The where properties may contain filtering expressions that must be applied to the joined table before using it for sorting. The filtering expressions are defined in the same manner as specified in the Filters section of this document, where they are used on the where property of Queries.

For example, here's a query that retrieves artists ordered descending by the count of all their albums where the album title is greater than 'T'.

{
  "table": ["Artist"],
  "table_relationships": [
    {
      "source_table": ["Artist"],
      "relationships": {
        "Albums": {
          "target_table": ["Album"],
          "relationship_type": "array",
          "column_mapping": {
            "ArtistId": "ArtistId"
          }
        }
      }
    }
  ],
  "query": {
    "fields": {
      "Name": { "type": "column", "column": "Name" }
    },
    "order_by": {
      "relations": {
        "Albums": {
          "where": {
            "type": "binary_op",
            "operator": "greater_than",
            "column": {
              "name": "Title"
            },
            "value": {
              "type": "scalar",
              "value": "T"
            }
          },
          "subrelations": {}
        }
      },
      "elements": [
        {
          "target_path": ["Albums"],
          "target": {
            "type": "star_count_aggregate"
          },
          "order_direction": "desc"
        }
      ]
    }
  }
}

Type Definitions

The QueryRequest TypeScript type in the reference implementation describes the valid request body payloads which may be passed to the POST /query endpoint. The response body structure is captured by the QueryResponse type.

Health endpoint

Agents must expose a /health endpoint which must return a 204 No Content HTTP response code if the agent is up and running. This does not mean that the agent is able to connect to any data source it performs queries against, only that the agent is running and can accept requests, even if some of those requests might fail because a dependant service is unavailable.

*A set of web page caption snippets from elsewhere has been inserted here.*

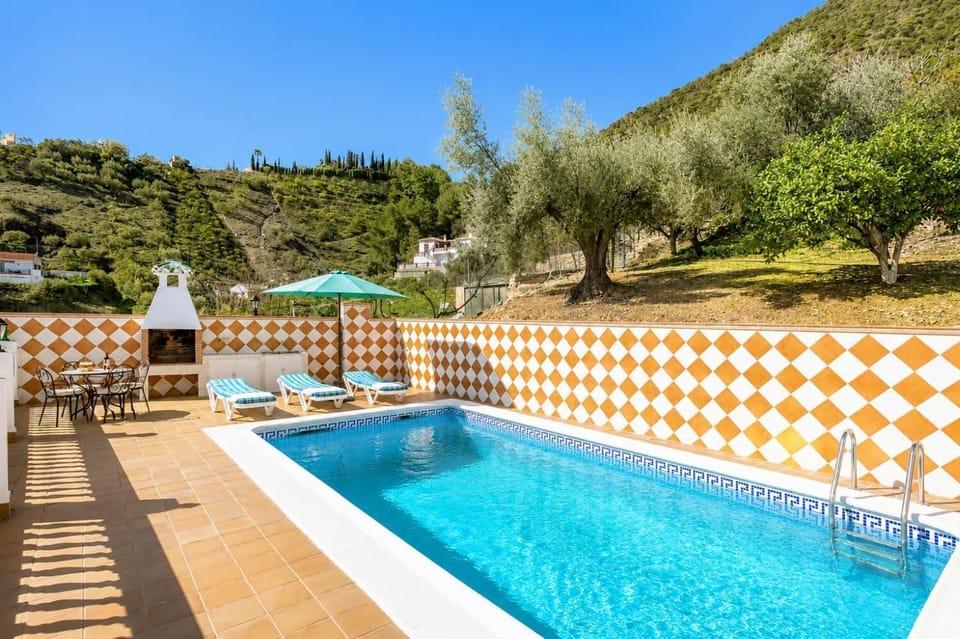 Private pool, terrace, and garden with sea views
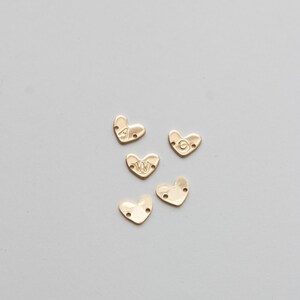 May include: Five gold heart-shaped charms with the letters A, W, and O engraved on them. The charms have two holes on each side.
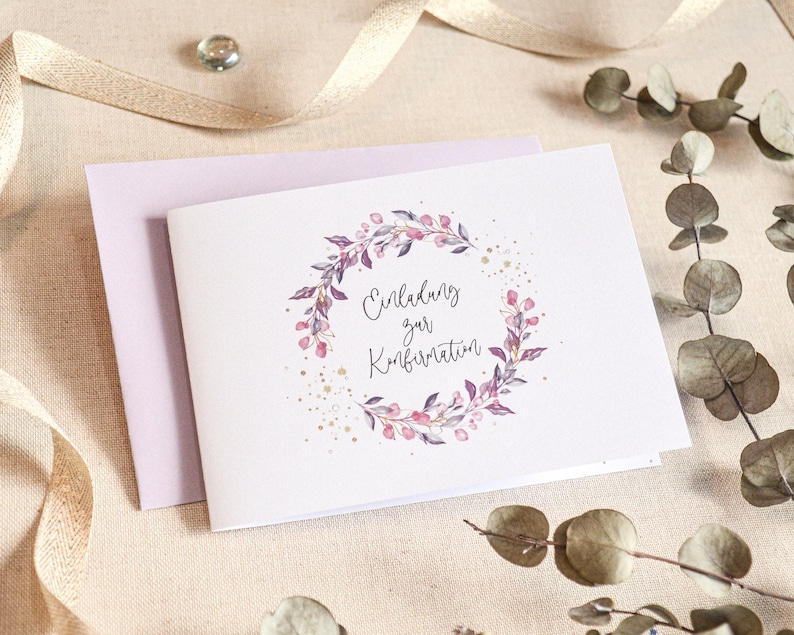 May include: A white card with a purple floral wreath and gold glitter. The text on the card reads "Einladung zur Konfirmation".
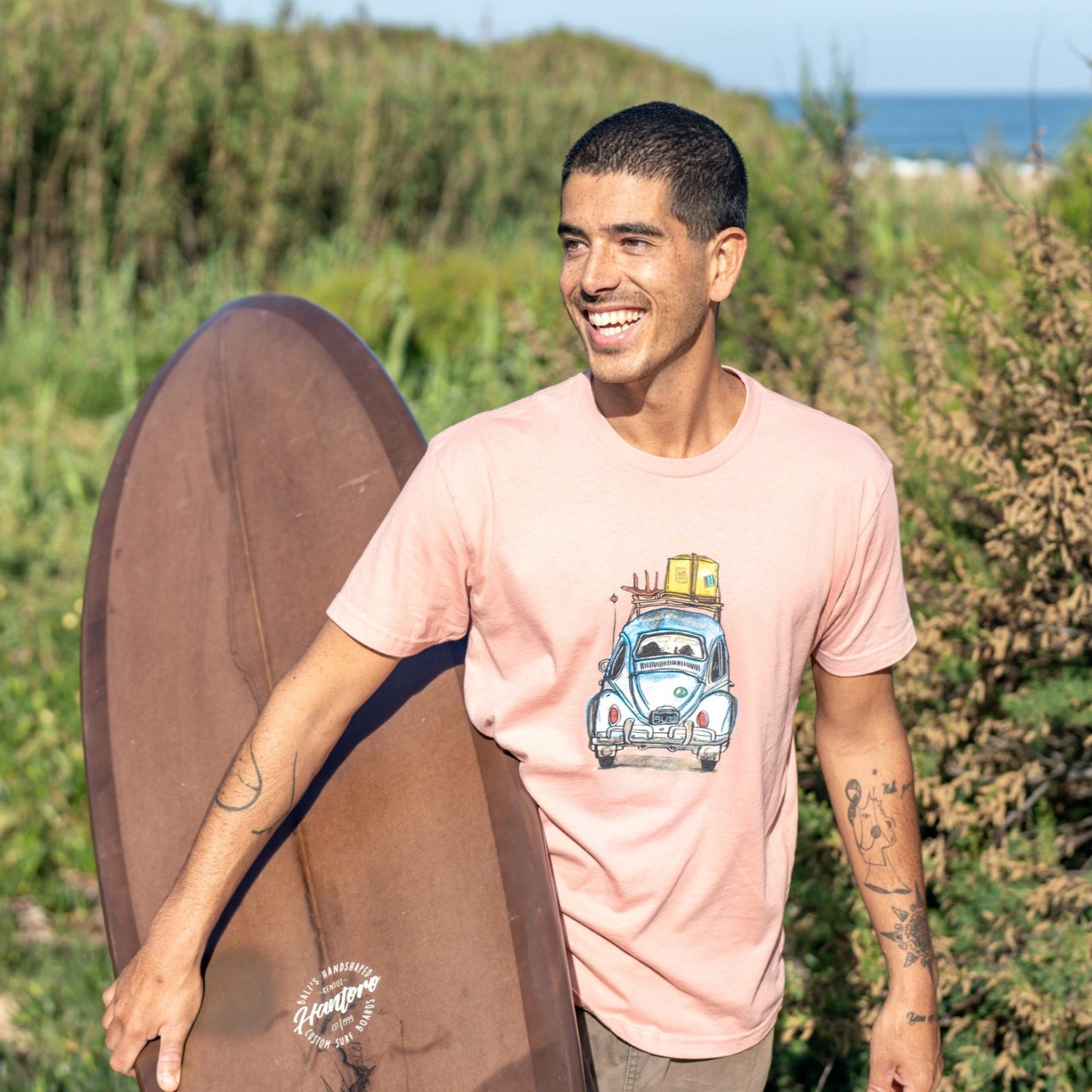 Man carrying surfboard while wearing pink shirt with a VW bug on it. 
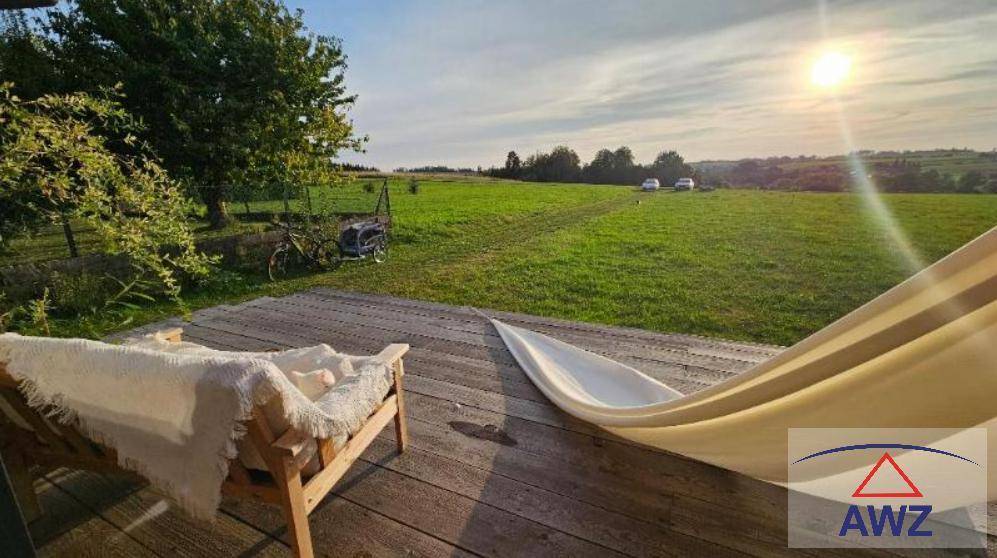 Sonnige Holzterrasse mit Hängematte und Sitzbank, umgeben von weiten grünen Feldern.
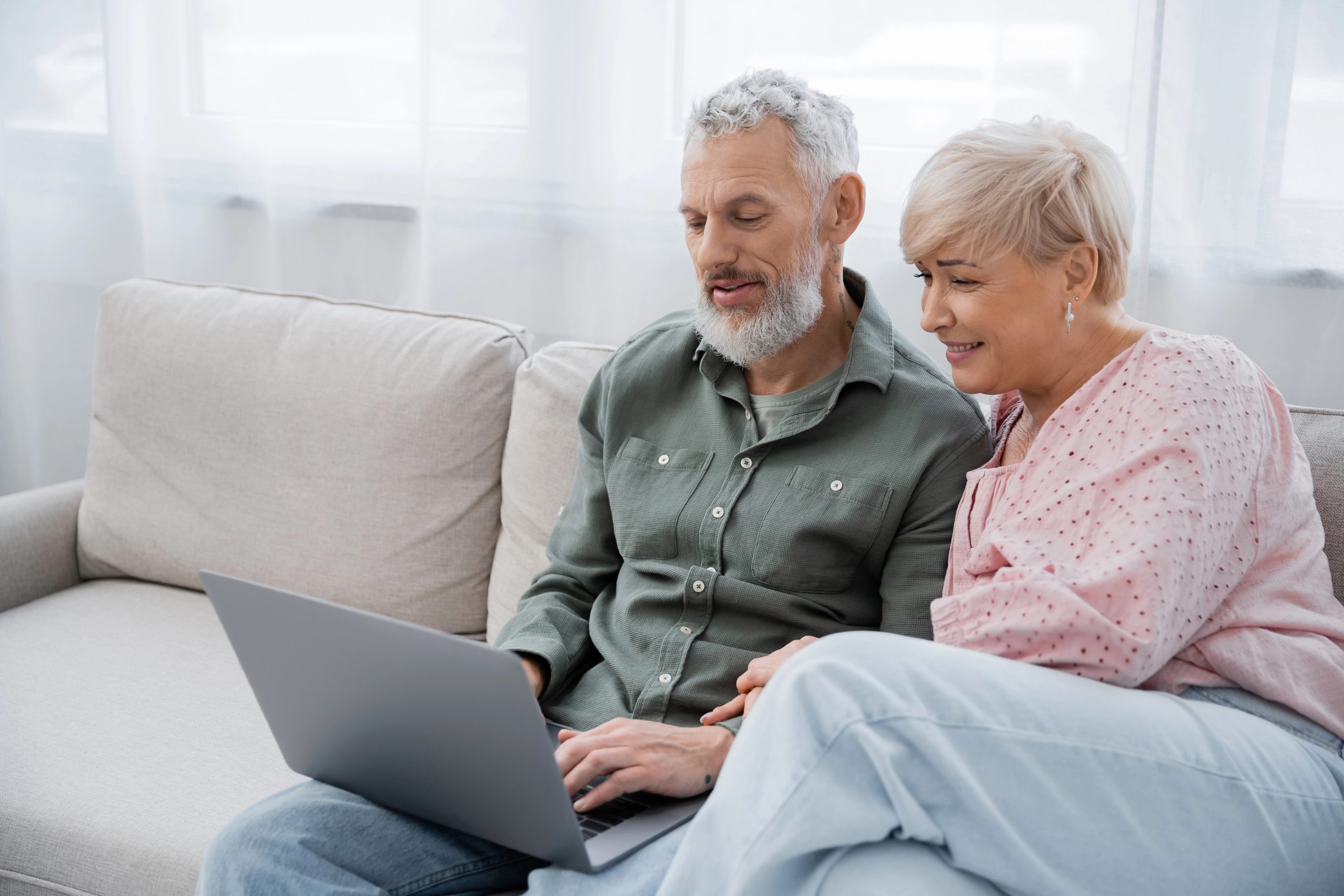 Senior couple at home reading content on a laptop together
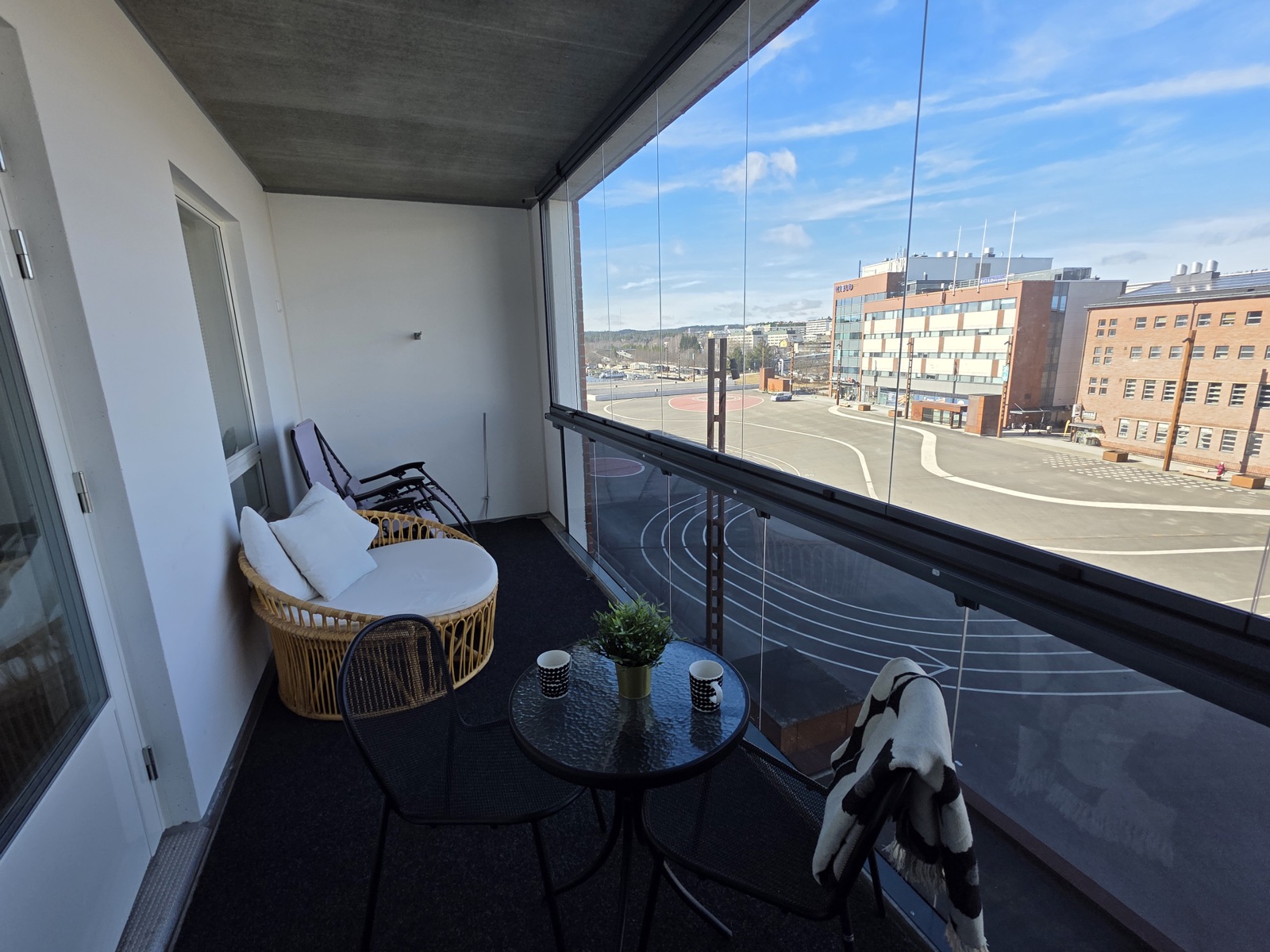 Cozy balcony seating area with a wicker chair, black metal chairs, and a round glass table, overlooking a city street and buildings beyond.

However, this endpoint can also be used to check whether the ability of the agent to talk to a particular data source is healthy. If the endpoint is sent the X-Hasura-DataConnector-Config and X-Hasura-DataConnector-SourceName headers, then the agent is expected to check that it can successfully talk to whatever data source is being specified by those headers. If it can do so, then it must return a 204 No Content response code.